Vintage Biltmore Hotel postcard.

by Laura Garber 

The Hermosa Beach Museum’s newest exhibit, “Beaches, Boundaries, and Belonging in the South Bay,” explores how the beach city redefined itself from the 1920s through the 1970s.  

The exhibit traces the city’s evolving narrative through Chamber of Commerce pamphlets, local newspaper clippings and oral histories. The exhibit also identifies narratives that Hermosa  didn’t follow.

“It was never set in stone that Hermosa would become the way it is today,” said Ryan Basford, the museum’s program and education manager. 

When Hermosa became a city in 1907 there were varying efforts to define it. Would it be a middle-class residential? Upper-class? Or would it be a carnivalesque tourist town like neighboring Redondo Beach with their historic Lightning Racer rollercoaster on the pier. 

The California Eagle, a Black newspaper in the exhibit carries a real estate ad promoting California as a health and recreation utopia.
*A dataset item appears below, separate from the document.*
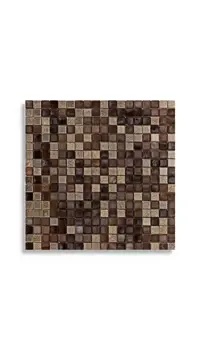 mozaiek Multi 29.6 x 29.6 | 540-789 | Jan Groen Tegels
The exhibit shares the oral history of a Japanese-American woman from Hermosa who was sent to an internment camp during World War II.

“She talks about having a fairly typical, positive, childhood in Hermosa and Redondo, then goes into the horrors of internment during World War II, and her experience of coming back, finding that things had been stolen from her house and how she slowly started to rebuild, as many Japanese-American families did,” Basford said. “If [internment camps] didn’t happen, we might see a more diverse Hermosa and a more diverse South Bay.” 

The exhibit rounds out the story of Hermosa Beach with the current work of Culture Club South Bay, founded by Allison Hales in 2020. It promotes diversity and inclusion in beach activities, mainly in Manhattan Beach. The organization has plans to expand to Hermosa Beach in 2026.  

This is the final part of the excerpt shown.